Das TeleZone –Team: Erich Berger/Volker Christian/Ken Goldberg/Peter Purgathofer


"TeleZone" ist eine telerobotische Installation, die eine Parallele zwischen dem Physischen und dem Virtuellen herstellt. Das Projekt ist auch repräsentativ für den gegenwärtigen technischen Stand der Dinge in Sachen virtuelle Gemeinschaften. In der Nachfolge von Ken Goldbergs und Joseph Santarromanas "Telegarden", der sich mit einer ähnlichen Problematik an der Grenzlinie zwischen der physischen und der virtuellen Welt beschäftigte, ist hier eine richtige virtuelle Gemeinschaft entstanden. Ziel ist es, eine globale Gemeinschaft zu schaffen, zu planen, zu organisieren und weiterzuentwickeln, deren soziale Struktur ausschließlich über das Netz zugänglich ist, die aber dennoch eine physische Präsenz hat.

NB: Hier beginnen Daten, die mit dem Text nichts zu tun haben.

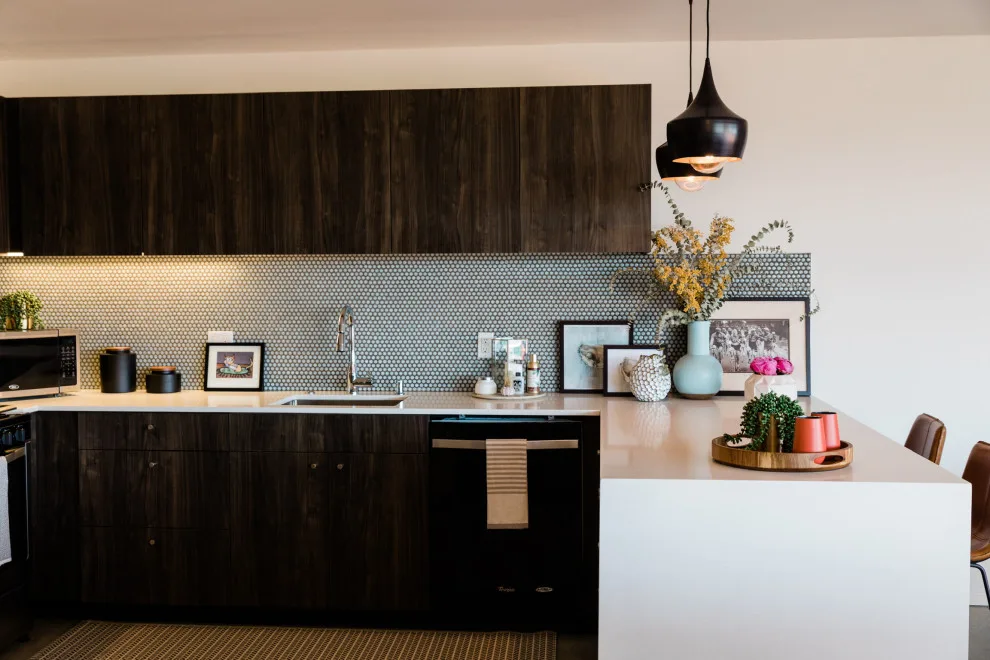 Fourth Avenue by Acacia + Spruce - Photo 8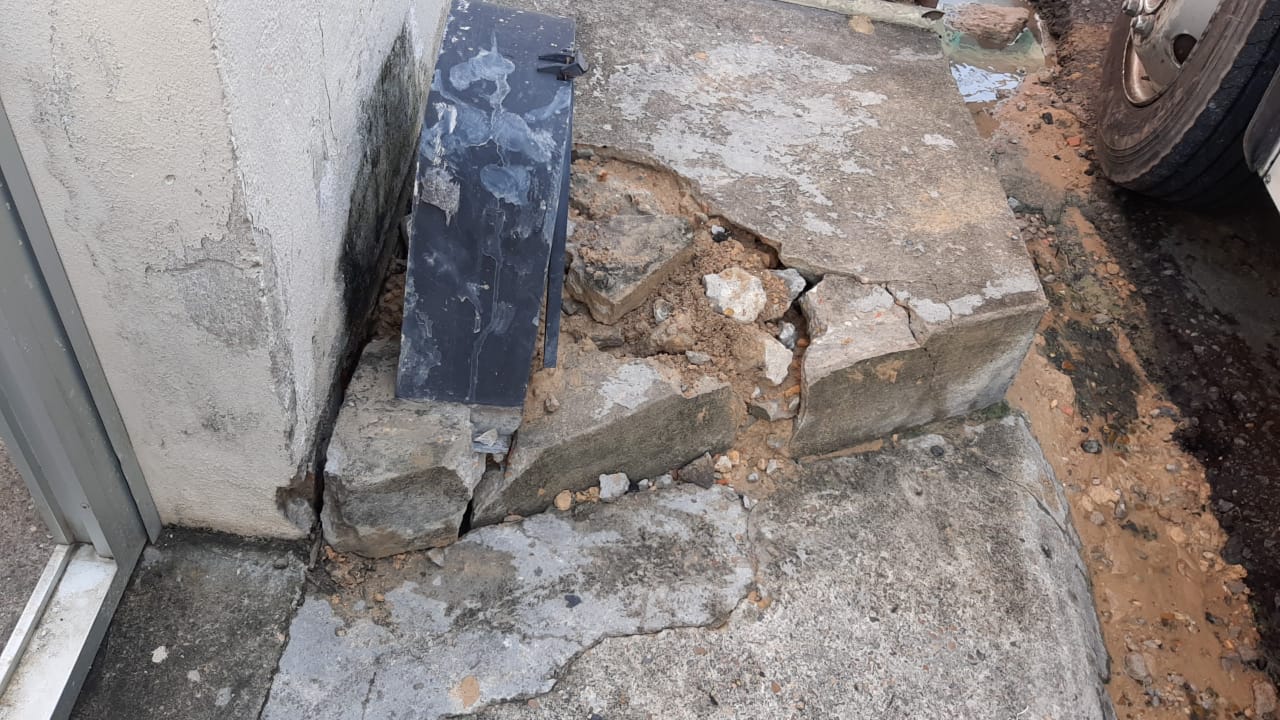 Moradores da zona Leste reclamam de calçadas quebradas em serviço da Águas de Manaus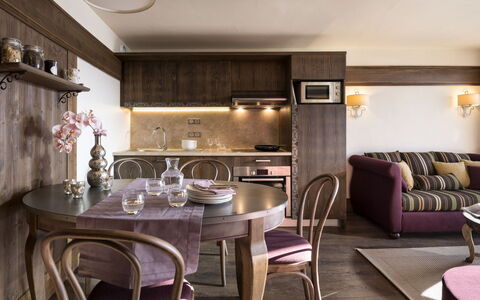Accommodation:&nbsp;Le Hameau du Kashmir 929.1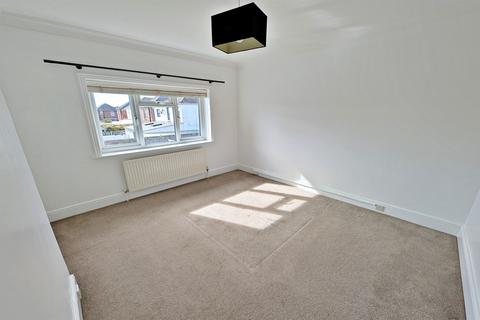2 bedroom flat for sale, Charminster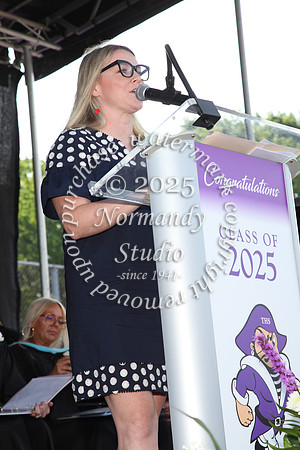 TOT_grad_candids_021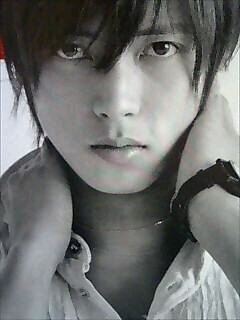 山下智久♡みてるだけで、癒されます。毎日が忙しくて暫らく山ピーの事 遠くからしかみれなくて でも映画のおかげで 沢山のポスターに出会えて嬉しい♡
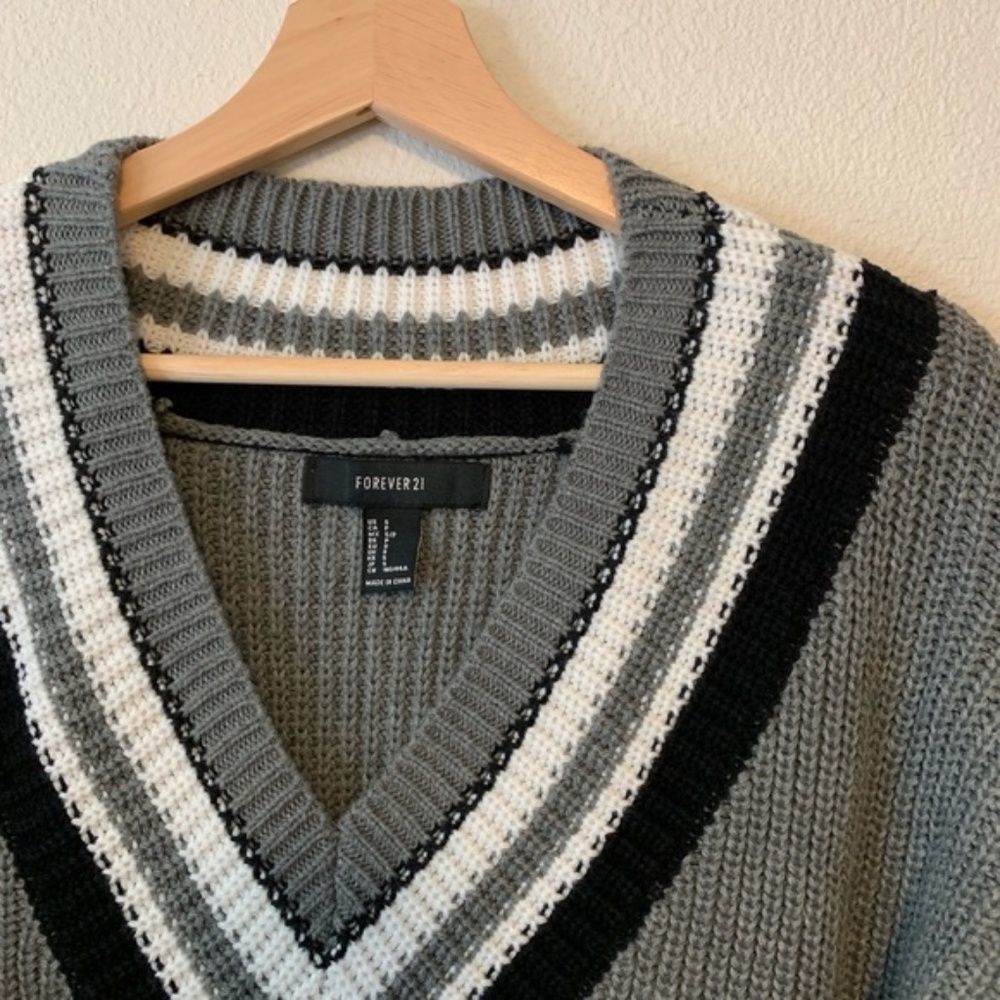 FOREVER 21 Preppy Grey V Neck Side Slit Sweater S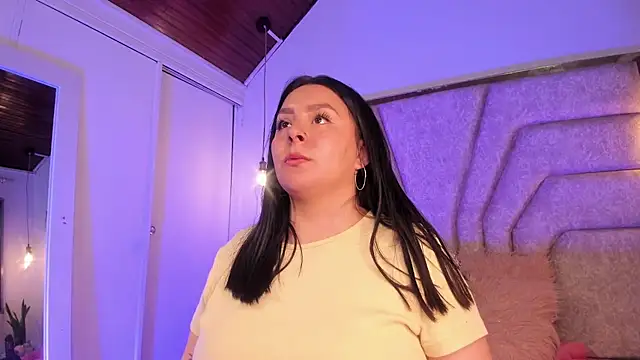 EmaJames25 online show from November 21, 7:23 pm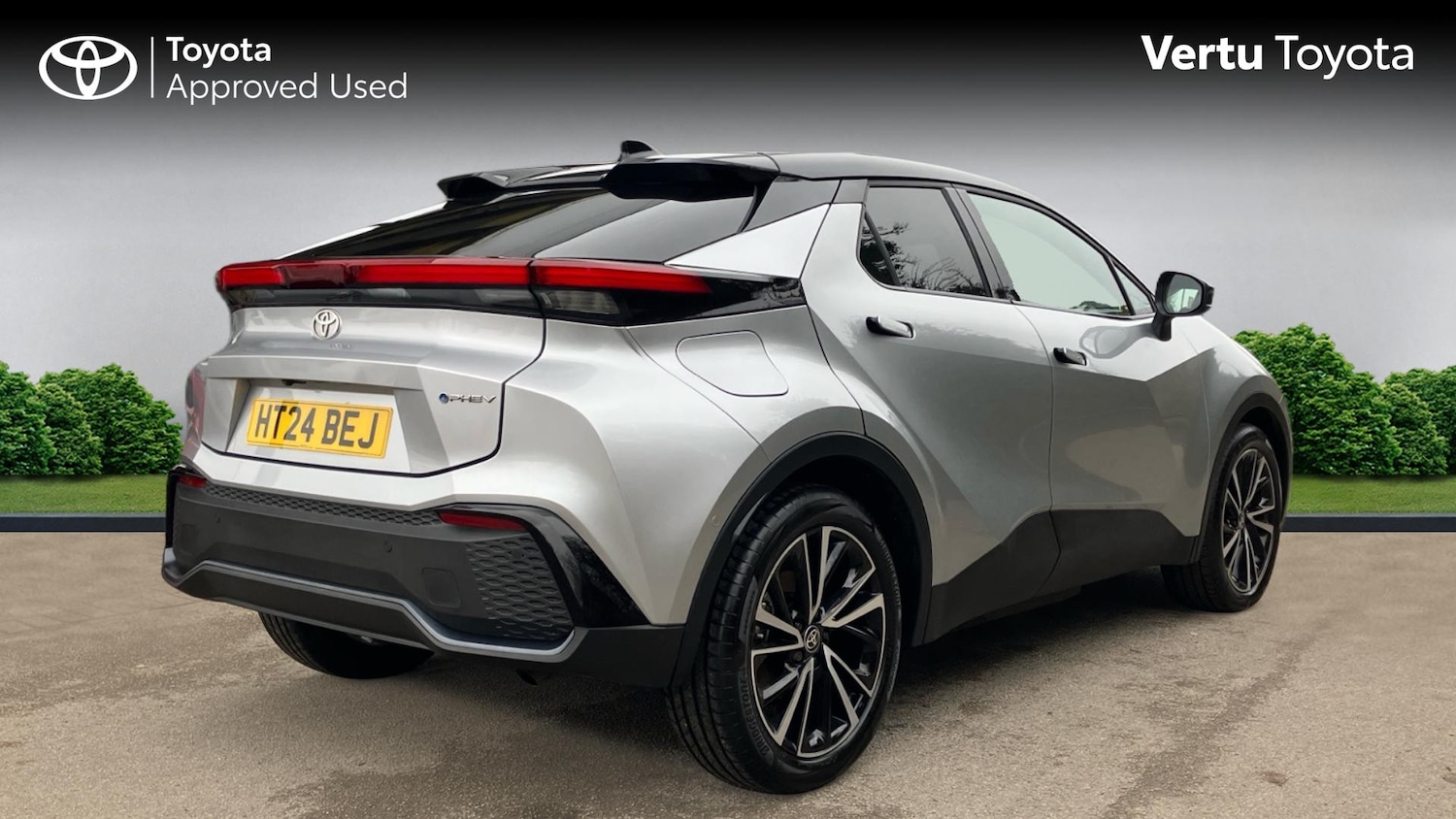 Used Toyota C-HR 2024 for sale - 77420117: Photo 2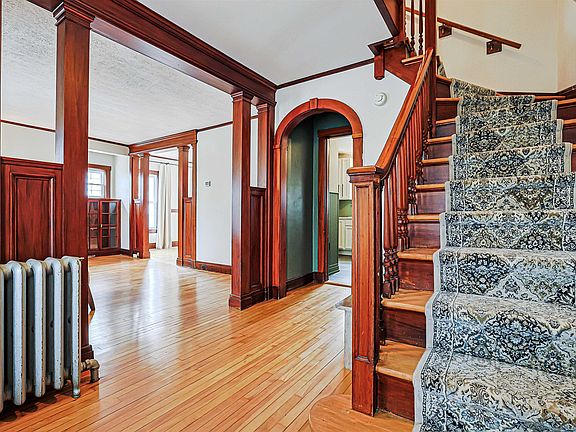 3rd image of 357 Bridge Street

Die Site ist inhaltlich auf das Thema Stadtplanung/Raumordnung ausgelegt. Mitwirkende können entweder als Besucher oder aktiv an dem gemeinschaftlichen Prozess teilnehmen. Alle Entscheidungen werden von den Teilnehmern selbst getroffen, wobei es auch ihnen überlassen bleibt, wie sie sich organisieren. Online wird das Projekt über ein dreidimensionales VRML-Interface dargestellt, in der realen Welt existiert es als Installation im Ars Electronica Center Linz.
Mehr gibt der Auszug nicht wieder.